Justin Crump, um ex-oficial do Exército Britânico que agora dirige uma consultoria de risco estratégico, disse à BBC que a operação foi uma aposta ousada, motivada “pela necessidade de mostrar que o país ainda está na luta, mesmo após um ano de reveses militares”.

“O presidente Zelensky precisava dar uma vitória à sua população cansada da guerra e mostrar a seus apoiadores ocidentais que a Ucrânia ainda pode infligir dor à Rússia”.

 

Enquanto isso, Vladimir Putin descartou qualquer negociação com a Ucrânia, acusando-a de “atingir a população pacífica e a infraestrutura civil”. A Rússia prometeu uma “resposta dura” à incursão de Kursk.

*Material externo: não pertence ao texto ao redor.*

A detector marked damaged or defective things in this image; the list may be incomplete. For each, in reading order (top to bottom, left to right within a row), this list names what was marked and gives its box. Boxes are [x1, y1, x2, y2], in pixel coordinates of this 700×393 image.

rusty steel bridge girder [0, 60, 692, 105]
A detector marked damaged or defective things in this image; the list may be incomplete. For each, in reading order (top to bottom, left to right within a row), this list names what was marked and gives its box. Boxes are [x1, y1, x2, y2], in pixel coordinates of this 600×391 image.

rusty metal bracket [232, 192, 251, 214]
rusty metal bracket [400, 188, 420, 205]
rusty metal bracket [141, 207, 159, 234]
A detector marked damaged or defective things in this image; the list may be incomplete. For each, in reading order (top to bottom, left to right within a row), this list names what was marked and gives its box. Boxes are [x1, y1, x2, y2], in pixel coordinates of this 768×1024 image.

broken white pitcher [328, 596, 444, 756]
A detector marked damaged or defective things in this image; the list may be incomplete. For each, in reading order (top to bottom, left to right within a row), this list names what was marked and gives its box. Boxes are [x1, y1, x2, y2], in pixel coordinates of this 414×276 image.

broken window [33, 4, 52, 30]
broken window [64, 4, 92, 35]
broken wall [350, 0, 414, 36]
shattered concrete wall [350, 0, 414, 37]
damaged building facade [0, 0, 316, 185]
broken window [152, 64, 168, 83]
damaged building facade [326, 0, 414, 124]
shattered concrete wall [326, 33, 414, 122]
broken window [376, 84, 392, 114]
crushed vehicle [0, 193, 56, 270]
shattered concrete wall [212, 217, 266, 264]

Quem está ganhando a guerra e quando ela terminará?

 

A invasão em larga escala da Rússia já está em seu terceiro ano.

Para a população da Ucrânia, a guerra é uma questão central na vida cotidiana, já que a maioria das famílias perdeu alguém na linha de frente, foi deslocada ou afetada de alguma outra forma.

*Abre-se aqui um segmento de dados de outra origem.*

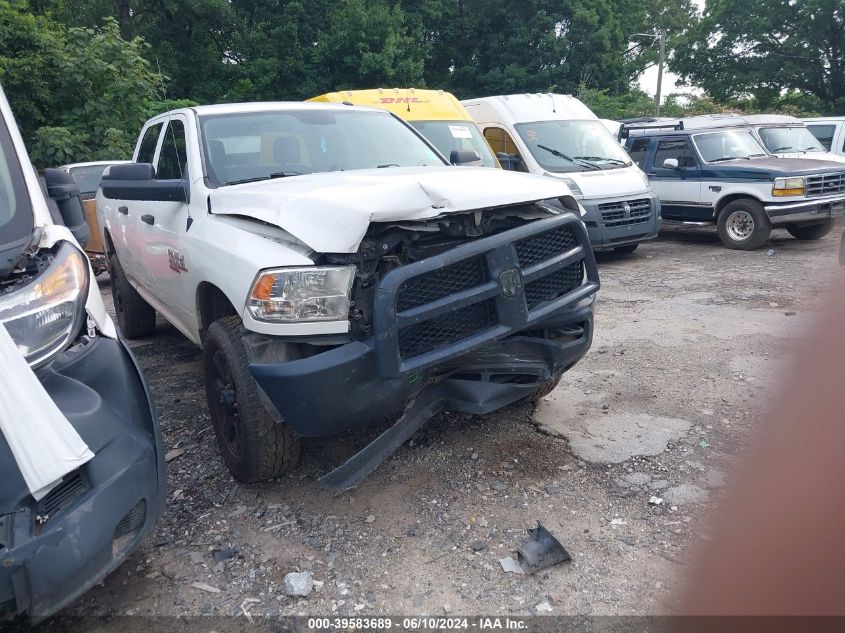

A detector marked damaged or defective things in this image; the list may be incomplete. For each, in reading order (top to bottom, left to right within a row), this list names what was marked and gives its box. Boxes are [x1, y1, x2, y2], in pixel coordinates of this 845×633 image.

crumpled hood [208, 167, 572, 253]
broken headlight [0, 241, 90, 366]
broken headlight [249, 264, 358, 320]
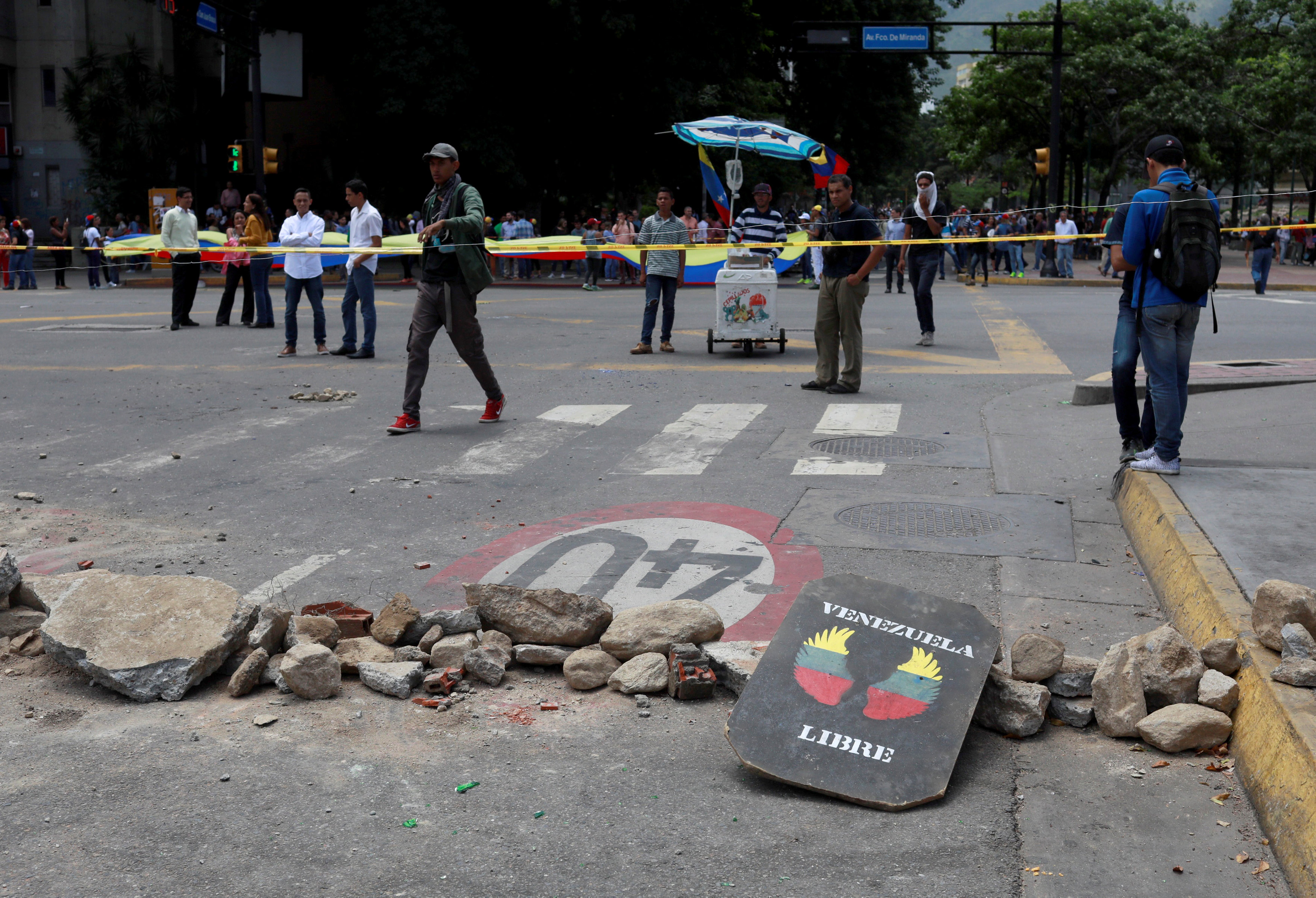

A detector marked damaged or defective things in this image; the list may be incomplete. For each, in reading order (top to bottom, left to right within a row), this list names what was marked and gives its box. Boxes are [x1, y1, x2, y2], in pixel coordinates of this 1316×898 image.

broken concrete chunk [0, 550, 19, 598]
broken concrete chunk [0, 605, 47, 640]
broken concrete chunk [35, 569, 256, 700]
broken concrete chunk [227, 648, 268, 695]
broken concrete chunk [249, 600, 293, 650]
broken concrete chunk [258, 650, 292, 690]
broken concrete chunk [280, 642, 342, 700]
broken concrete chunk [283, 611, 340, 648]
broken concrete chunk [332, 632, 392, 669]
broken concrete chunk [358, 661, 424, 695]
broken concrete chunk [371, 595, 421, 642]
broken concrete chunk [392, 642, 429, 663]
broken concrete chunk [416, 621, 447, 650]
broken concrete chunk [429, 632, 482, 669]
broken concrete chunk [432, 605, 484, 632]
broken concrete chunk [463, 648, 503, 679]
broken concrete chunk [466, 579, 613, 642]
broken concrete chunk [511, 642, 574, 663]
broken concrete chunk [561, 648, 621, 690]
broken concrete chunk [605, 650, 669, 690]
broken concrete chunk [603, 595, 726, 658]
broken concrete chunk [700, 640, 763, 695]
broken concrete chunk [979, 663, 1048, 732]
broken concrete chunk [1005, 629, 1069, 679]
broken concrete chunk [1048, 690, 1090, 727]
broken concrete chunk [1042, 653, 1105, 695]
broken concrete chunk [1095, 642, 1148, 732]
broken concrete chunk [1126, 621, 1205, 705]
broken concrete chunk [1137, 700, 1227, 753]
broken concrete chunk [1200, 637, 1237, 671]
broken concrete chunk [1200, 671, 1237, 711]
broken concrete chunk [1248, 579, 1311, 650]
broken concrete chunk [1269, 658, 1316, 684]
broken concrete chunk [1279, 619, 1311, 661]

Para os russos, a guerra também não passa despercebida. E a última reviravolta colocou-a firmemente no noticiário, com dezenas de milhares de pessoas tendo que ser evacuadas de diversas regiões de fronteira.

Para muitos fora da Ucrânia e da região, este tornou-se um conflito prolongado e sem fim à vista, e as perguntas mais pesquisadas sobre a guerra são “Quem está ganhando?” e ​​”Quando isso vai acabar?”

A Ucrânia diz que quer realizar outra cúpula de paz até o final deste ano para injetar nova energia nas negociações sobre o fim da guerra. Até recentemente, era difícil imaginar a Rússia participando de tal cúpula. Mas a operação Kursk deu à Ucrânia um novo poder de barganha.

 

Ao mesmo tempo, como diz o especialista em segurança Justin Crump, “o tempo não está ao lado da Ucrânia“, sugerindo que a força militar do país é limitada para entrar a fundo em território russo.

Por enquanto, no entanto, Kiev parece ter provado que é capaz de preparar e executar operações militares rápidas e surpreendentes e mudar o curso desta guerra, por enquanto, a seu favor.